+++ Source material
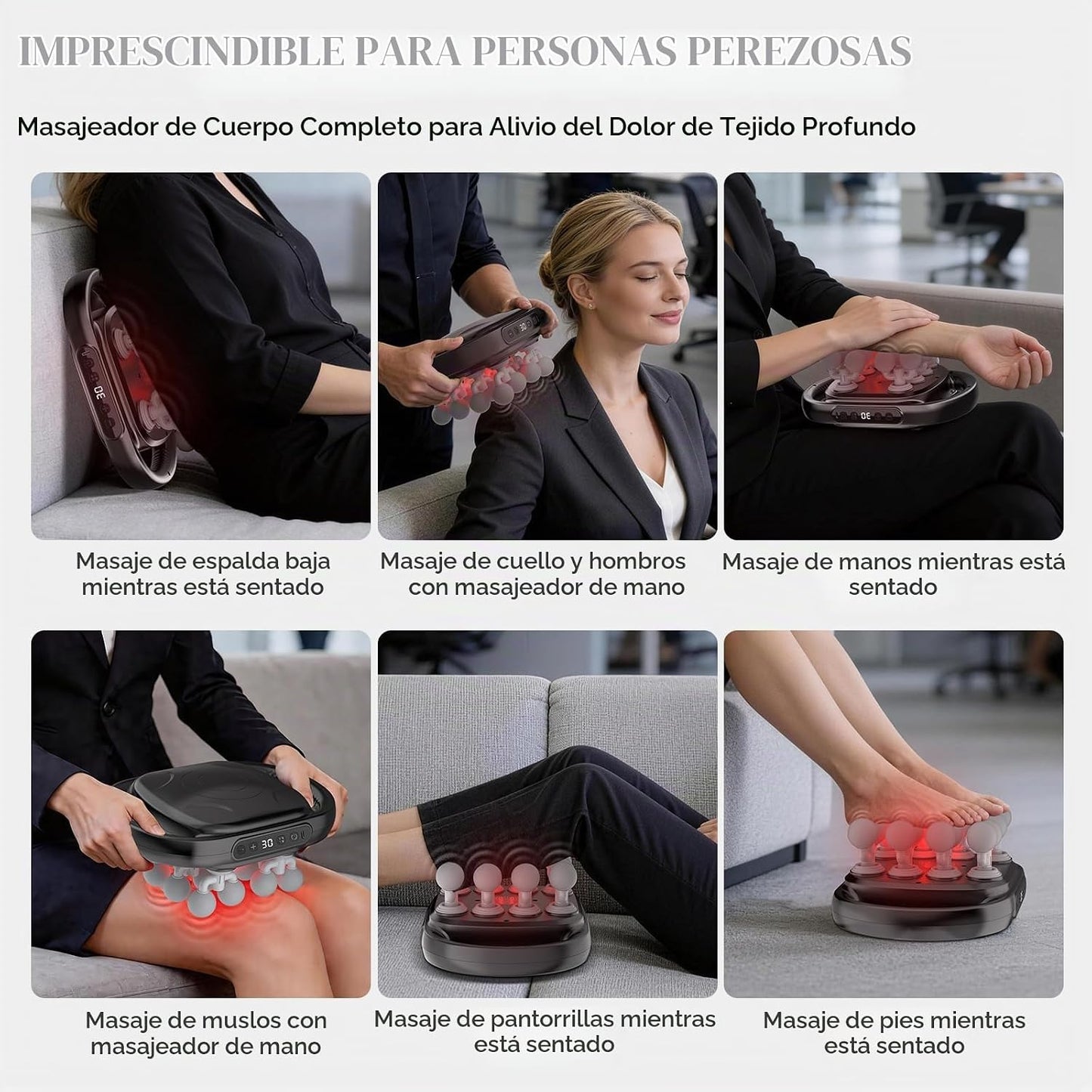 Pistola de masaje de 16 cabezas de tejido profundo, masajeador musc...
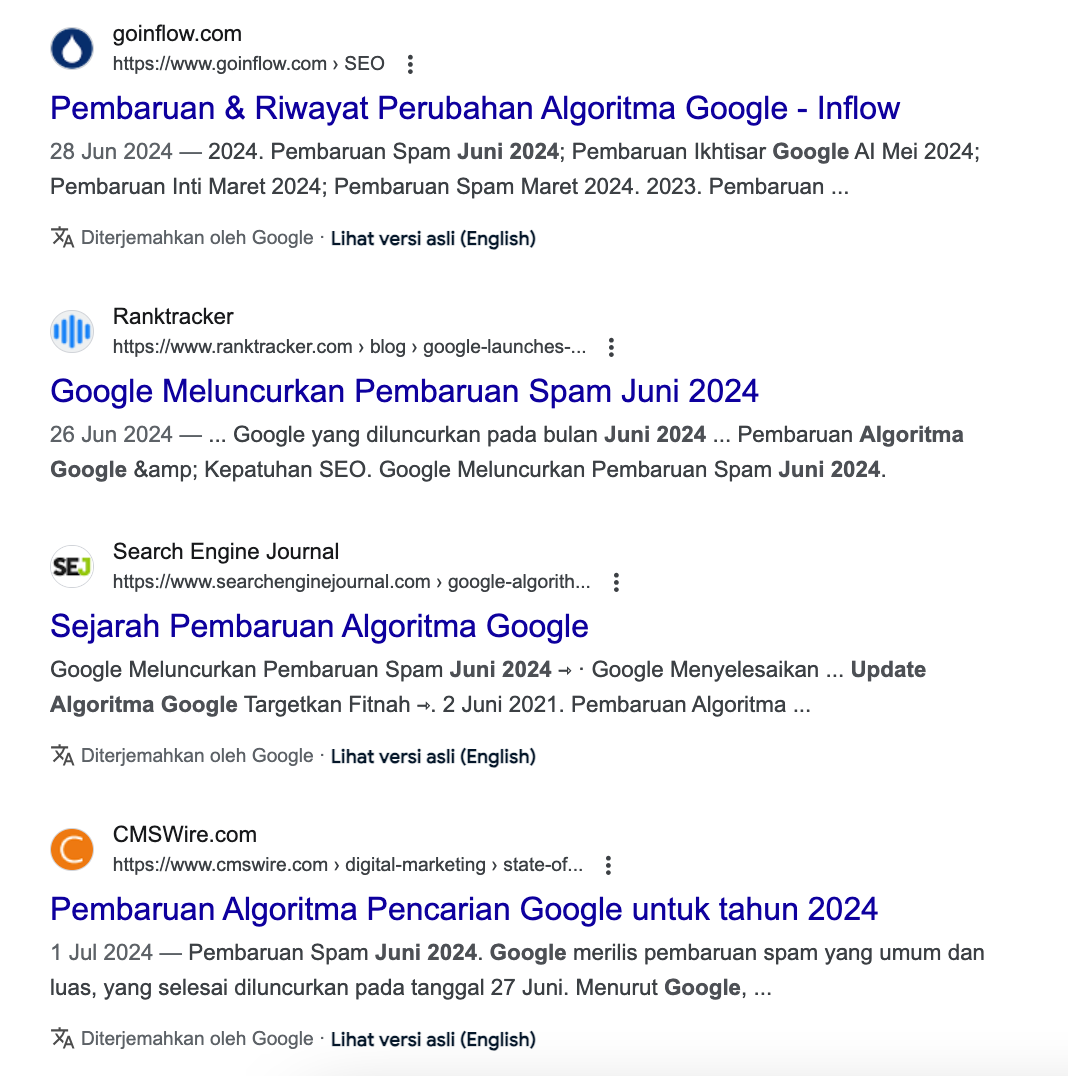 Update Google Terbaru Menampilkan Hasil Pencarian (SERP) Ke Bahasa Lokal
++++++
+++ Source material
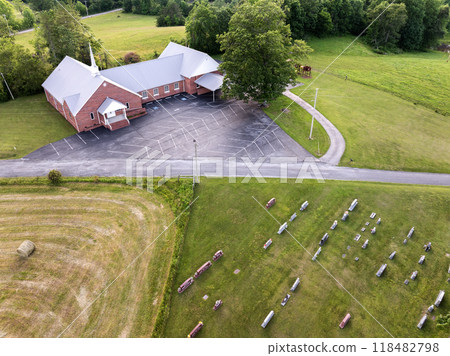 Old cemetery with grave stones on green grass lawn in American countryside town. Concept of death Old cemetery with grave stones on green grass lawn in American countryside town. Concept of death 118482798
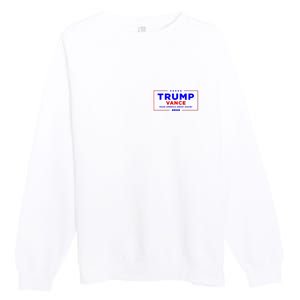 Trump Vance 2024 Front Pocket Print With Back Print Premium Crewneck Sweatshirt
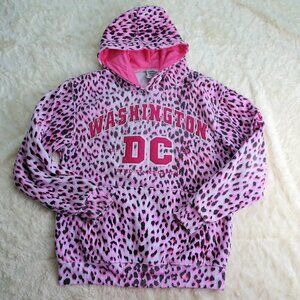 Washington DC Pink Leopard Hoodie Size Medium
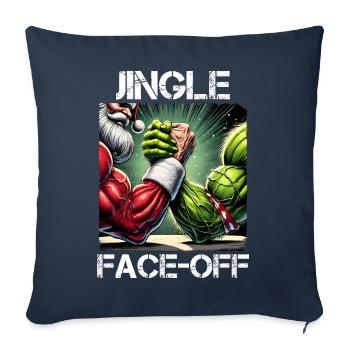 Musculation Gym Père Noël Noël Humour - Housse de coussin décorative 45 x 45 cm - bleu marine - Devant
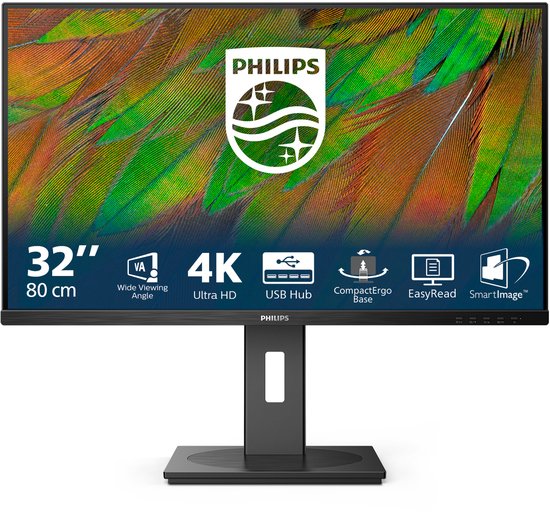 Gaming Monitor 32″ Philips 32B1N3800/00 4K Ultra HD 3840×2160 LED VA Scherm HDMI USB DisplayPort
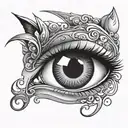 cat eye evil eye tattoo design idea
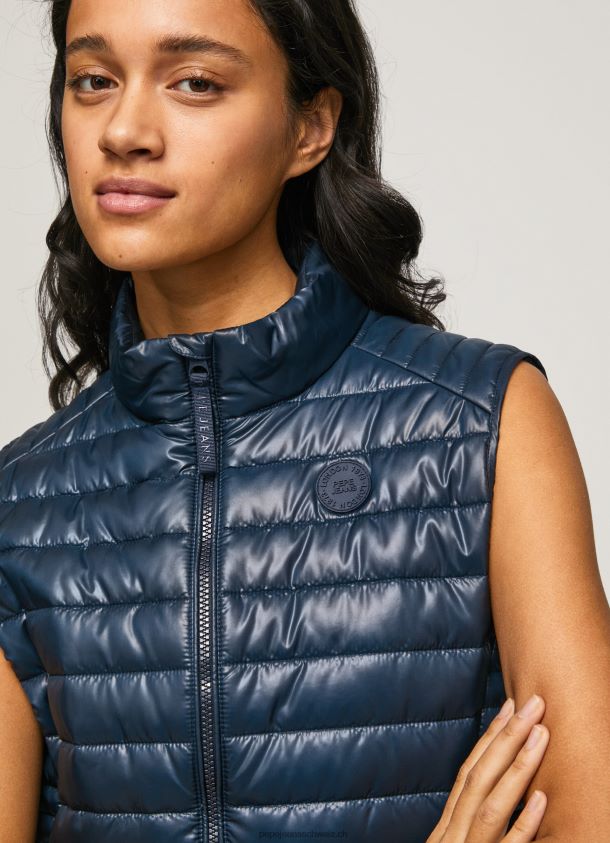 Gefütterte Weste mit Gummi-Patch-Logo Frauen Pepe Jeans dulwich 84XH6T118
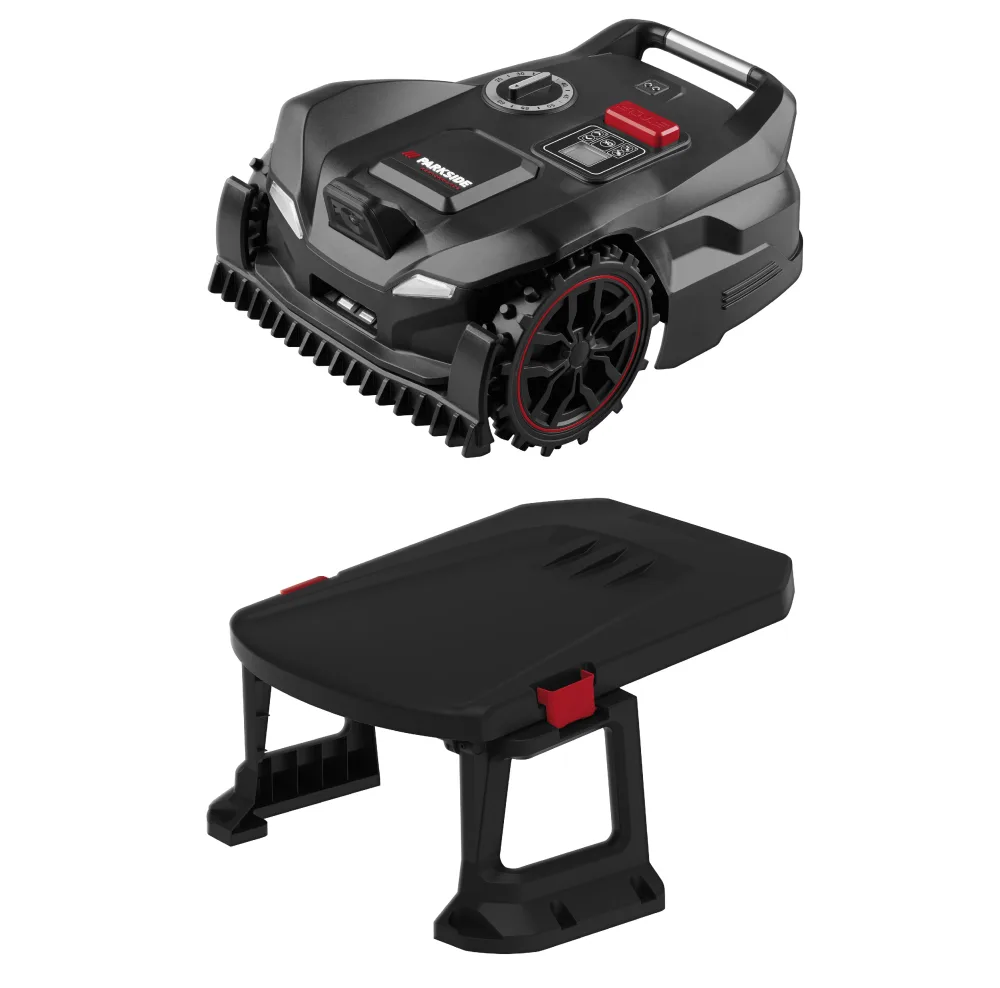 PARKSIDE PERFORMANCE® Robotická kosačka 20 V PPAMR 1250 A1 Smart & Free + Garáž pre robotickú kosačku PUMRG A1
++++++
# [Task prompt]
Given the listing above, retype only the span of lines from the line with "Trump Vance 2024" up to and including the line with "Musculation Gym Père", exactly as it stands and without pictures.

# [Output of the task]
 Trump Vance 2024 Front Pocket Print With Back Print Premium Crewneck Sweatshirt
 Washington DC Pink Leopard Hoodie Size Medium
 Musculation Gym Père Noël Noël Humour - Housse de coussin décorative 45 x 45 cm - bleu marine - Devant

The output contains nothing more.